Page MenuHomePhabricator

Reimplement the model-upload script to take into consideration new use cases
Closed, ResolvedPublic

Description

In T391958 it was clear that the model-upload script needs some improvements, since it assumes that we upload a single model binary file at any given time. There are new use cases, like uploading an entire file path (with subdirs etc..) that should probably be encoded in Python rather than bash, for ease of debuggability/testability/readability.

The script is currently living in the puppet repository (./modules/profile/templates/statistics/explorer/ml/model_upload.sh.erb) and it gets deployed to all the statxxxx nodes (with the related s3 credentials etc..).

Event Timeline

I've started work on this ticket and I've reimplemented the bash script in Python, where I take advantage of boto3 to handle connection to Swift/s3.
However, I'm facing the following questions at the moment:

  1. How can I easily test the Python script?

I'm wondering if I could test by uploading dummy files, but I'm not sure if we have enough permissions to delete them later?
Another option would be just re-uploading one of the currently used models.

  1. Where should the new script live? Do other teams use model-upload script?

Currently, the model-upload bash script is part of puppet repository, which makes it available in each stat machine. In theory, we could do a similar thing with Python script, however the Python script also requires some dependencies (e.g. boto3) to work properly. Possibly we could install the required dependencies into our global Python on stat machines to make it work easily(?).

Another option would be putting it inside inference-services repository in a similar way we do load tests with locust, which means providing a Makefile, which would initialise the required environment and run the script. However, this approach makes it a little harder to use the script, because one needs to copy the repository first.

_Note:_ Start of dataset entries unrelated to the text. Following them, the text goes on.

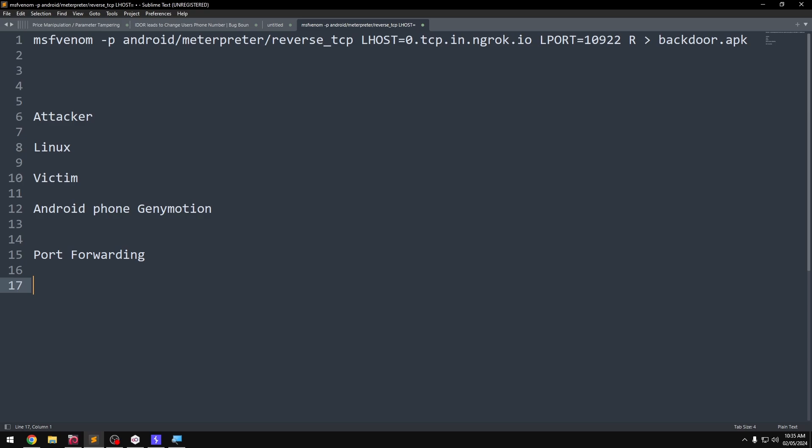We have to connect on the same connection. If you want to hack over the same network, we can hack all over the world. When the victim installs the APK file, you can access via port forwarding — that is why we use port forwarding.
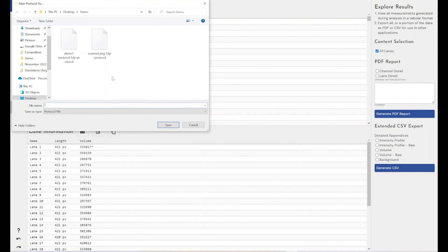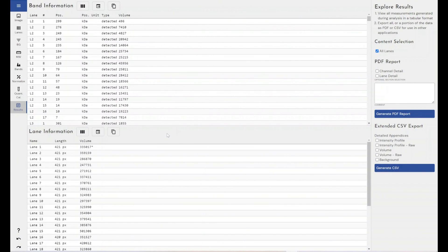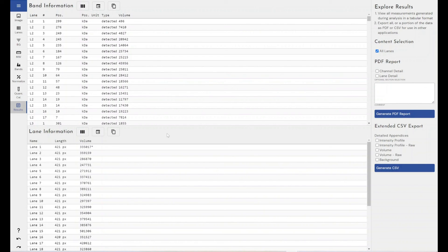So that's the power of the automation features built into Phoretix 1D and the flexibility that we've got within those. And so you've got the flexibility to define all of the settings, not just some of them. And you've got the ability to send these protocol files to other labs, to other sites for them to verify your results or to repeat your analysis the exact way you've already been doing it.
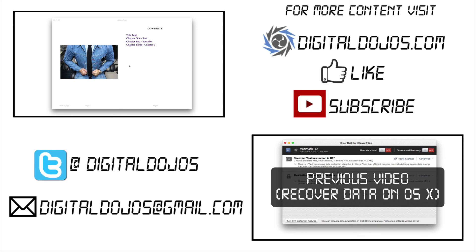So hope you enjoyed this video. Hope you enjoyed this tutorial. And again, for more information on their products, head over to literatureandlatte.com. And of course, for more videos from us and content from us, head over to digitaldojos.com. Thanks for watching.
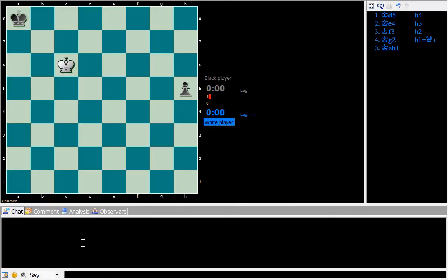Black is trying to march the pawn to the promotion square and promote to a queen before white can get there and capture the pawn.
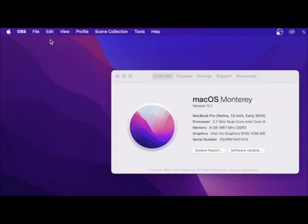Welcome to another tutorial showing you how to get Filmora editing software for completely free, only for Mac users. Let's get straight into it.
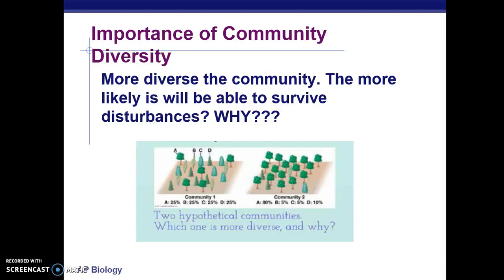Think about it in terms of any community: if someone leaves and there's another person who can play that role, the community remains stable. If people leave and others can't fulfill that role, the community becomes somewhat unstable.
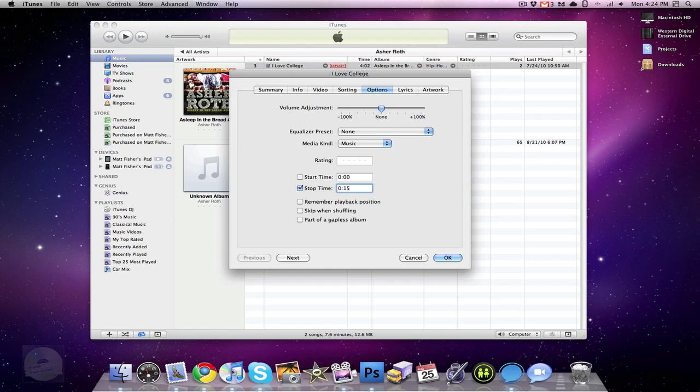I'm going to choose 15 seconds. This needs to be 30 seconds or less, otherwise iTunes will not recognize it as a ringtone. So once you do that, you're going to press OK.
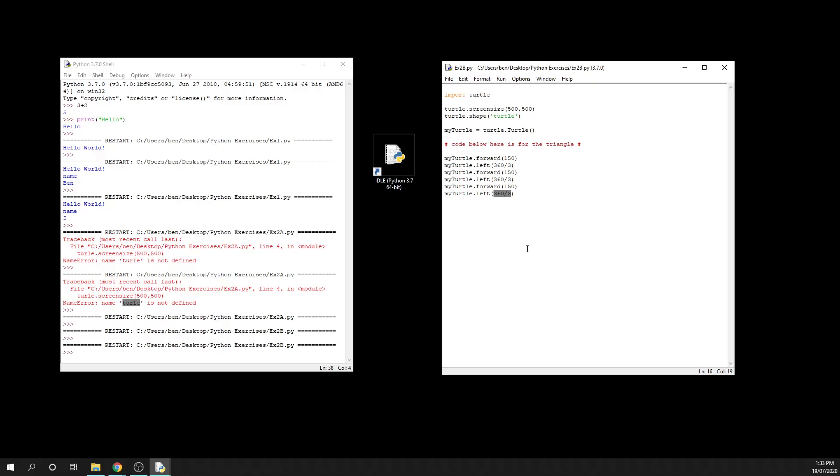So again, super quick and easy example for you there of how to draw a triangle in turtle. That's going to finish up this video super fast, and then we are going to be able to jump into the next video really quickly.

Thnx for working on this initiative.
I will share my thoughts which maybe answer some of your questions.

  1. You can always test your python script on statmachines: e.g. ssh stat1008.eqiad.wmnet.
    • You can test it first with some dummy files indeed (that was the way I tested the s3cmd when I was initially wanted to upload edit-check)
    • We have permissions to delete files using: s3cmd -c /etc/s3cmd/cfg.d/ml-team.cfg del s3://wmf-ml-models/.../.../...
    • You can also then test a real model, you can dowload it using transformers and then try to upload it using your script.:
model_name = "markussagen/xlm-roberta-longformer-base-4096"

tokenizer = AutoTokenizer.from_pretrained(model_name)
model = AutoModelForQuestionAnswering.from_pretrained(model_name)

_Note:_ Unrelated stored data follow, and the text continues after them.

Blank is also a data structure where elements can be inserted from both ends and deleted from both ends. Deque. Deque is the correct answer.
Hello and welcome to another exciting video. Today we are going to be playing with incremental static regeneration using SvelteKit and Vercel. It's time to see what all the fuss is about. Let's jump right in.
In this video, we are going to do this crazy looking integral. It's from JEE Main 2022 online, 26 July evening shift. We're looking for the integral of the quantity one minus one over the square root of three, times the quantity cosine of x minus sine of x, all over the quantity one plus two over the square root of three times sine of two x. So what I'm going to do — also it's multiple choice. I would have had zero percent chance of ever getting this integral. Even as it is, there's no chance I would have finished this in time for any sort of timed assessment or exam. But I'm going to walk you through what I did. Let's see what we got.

tokenizer.save_pretrained(save_dir)
model.save_pretrained(save_dir)
  1. I am not sure about this answer but I think that the script should live somewhere in eqiad thus it can be run from many machines which are connected to eqiad (e.g. statboxes, etc). But I think an SRE can tell you more about it for sure.

Hi @BWojtowicz-WMF! Thanks for working on this :)

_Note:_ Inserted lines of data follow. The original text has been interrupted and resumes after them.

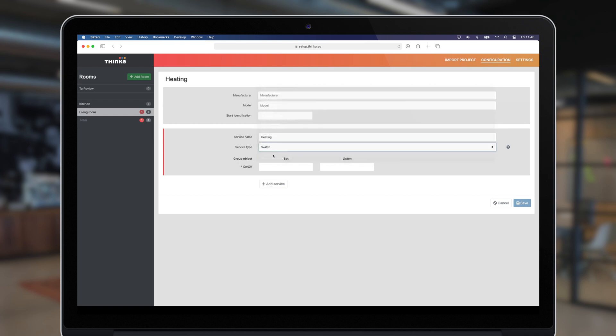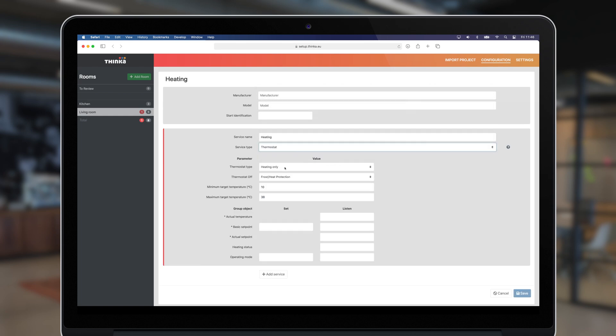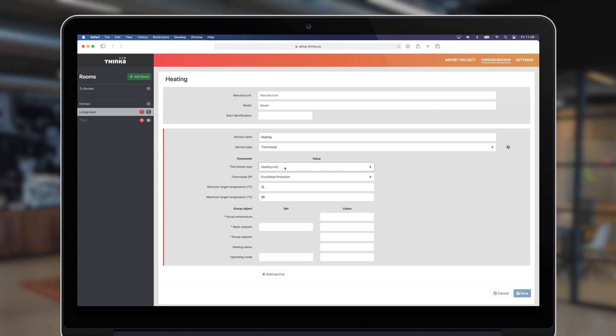First, choose the type: heating, cooling, or both. Then choose the state the thermostat goes into when off: protection, night, or standby.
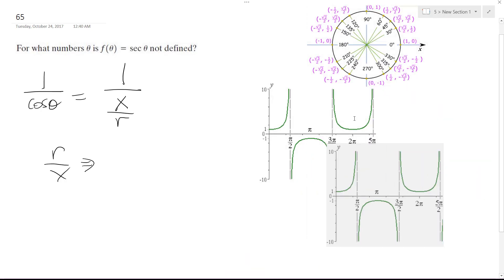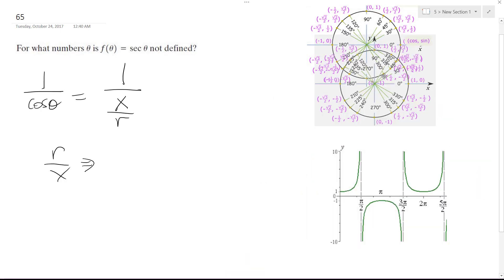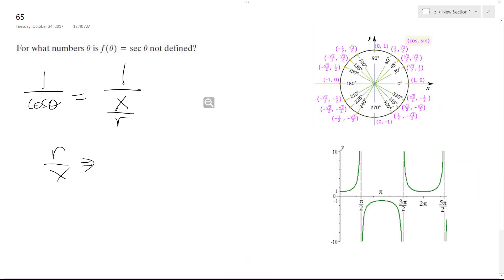If you look at our unit circle graph here, when you travel around it, x starts at 0 and equals 1, but as you go to pi over 2 it equals 0, and you can see here one of the asymptotes is pi over 2. Then it goes back to negative 1 at 180 degrees, and when you hit 3 pi over 2 you get negative 1.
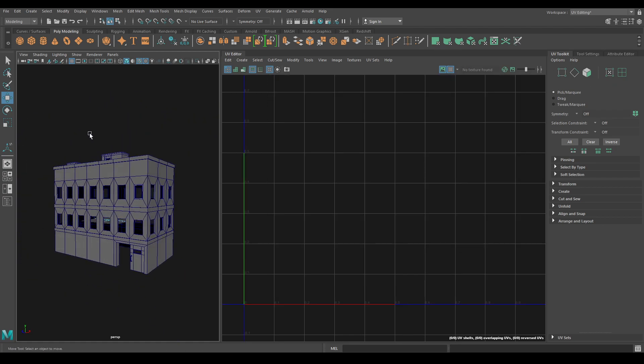So we have completely unwrapped our building. Now I am just going to apply some materials to create our texture sets and export this in Substance Painter to texture. That's it for today — if you like this video then subscribe to the channel, and if you have any questions write them in the comment section. I will see you in the next video. Till then, thank you for watching.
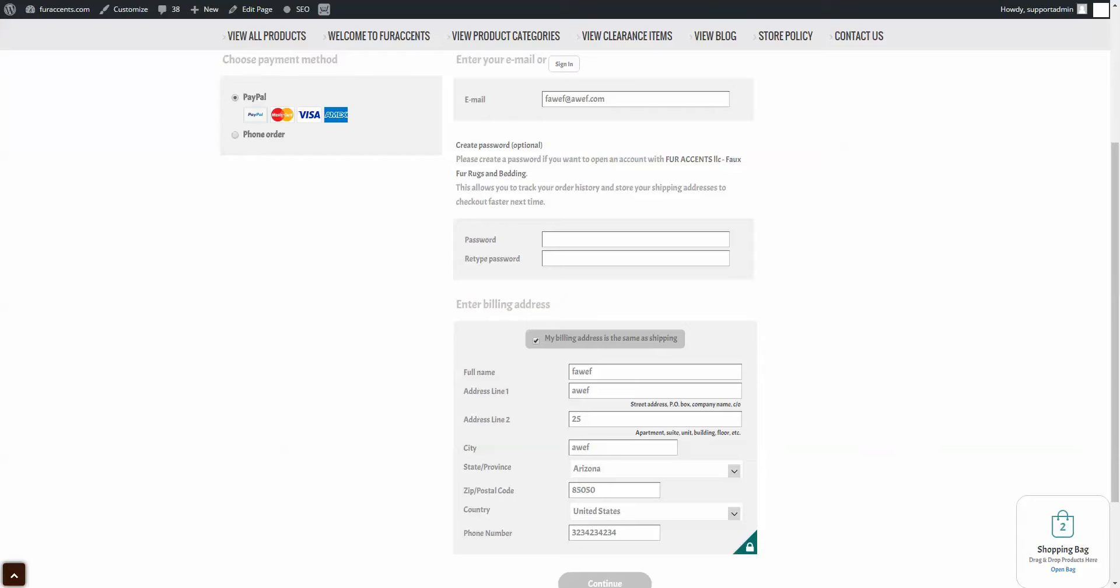I am going to use PayPal, same as shipping, don't have to uncheck that, great. And then it should take me over to PayPal to complete my purchase.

My 2c: the script should be available only for ml-admins (namely, all members of your team) because you should be in control of what it is pushed to Swift/S3 (so we can implement the protocol/workflow in https://wikitech.wikimedia.org/wiki/Machine_Learning/LiftWing#Hosting_stages_for_a_model_server_on_Lift_Wing in a safe way). About the script: if it is self-contained and reasonably short, it is fine to have it as single file in the puppet repo and install dependencies like `python3-boto (caveat - make sure that the deps that you need are available as Debian packages). If the script is more complex, multiple modules, etc.. then it is better to create a separate repo and possibly debian package for it.

Thank you both for the answers, this helps a lot! @elukey @gkyziridis

I'll try to make the script as self-contained as possible, ideally the only external dependency would be python3-boto, which would make it possible to put in in the puppet repository. I'll drop any additional dependencies and test the script. Once done, we can start putting it inside puppet :)

I've made the Python script for model-upload work with just urllib3 and boto3 as external dependencies, both of which are available as debian packages python3-boto3 and python3-urllib3. I also successfully tested the use-cases we want to support.

@elukey What would be the next steps to put it inside puppet repository? Should I create a patch to put it next to the current model-upload bash script?
I'm also wondering about:

  • Where can we define the additional debian packages we need to install: python3-boto3 and python3-urllib3?
  • How can we add the script to the PATH to make the usage easier?

I have two additional sidenotes:

  • During the development, I've discovered a small problem with Swift storage, which makes it quite incompatible with new versions of boto3 (> 1.35). Namely, boto3 started aggressively enforcing chunked uploads (aka multi-part uploads) with the new versions, which is very hard to circumvent. This is problematic, because Swift storage does not support the chunked uploads: https://github.com/openstack/swift/blob/5d1dbbccbee04bf7c703538dbab7c903ea146778/swift/common/middleware/s3api/s3request.py#L920-L921. The current python3-boto3 debian package is installing old boto3==1.26.27, which does not enforce chunked uploads, which makes it work in our case. However, this might become a problem in the future.
  • The re-written script sits at ~300 lines of Python code, which is much more than the previous 73 lines of bash script. The new code is mostly related to: error handling, logging, argument parsing and boto3 configuration. I'm wondering how big of improvement in debuggability/testability/readability it really is over the bash script we're currently using. I'm happy to discuss this on the patch.

FYI @isarantopoulos

Hello!

@elukey What would be the next steps to put it inside puppet repository? Should I create a patch to put it next to the current model-upload bash script?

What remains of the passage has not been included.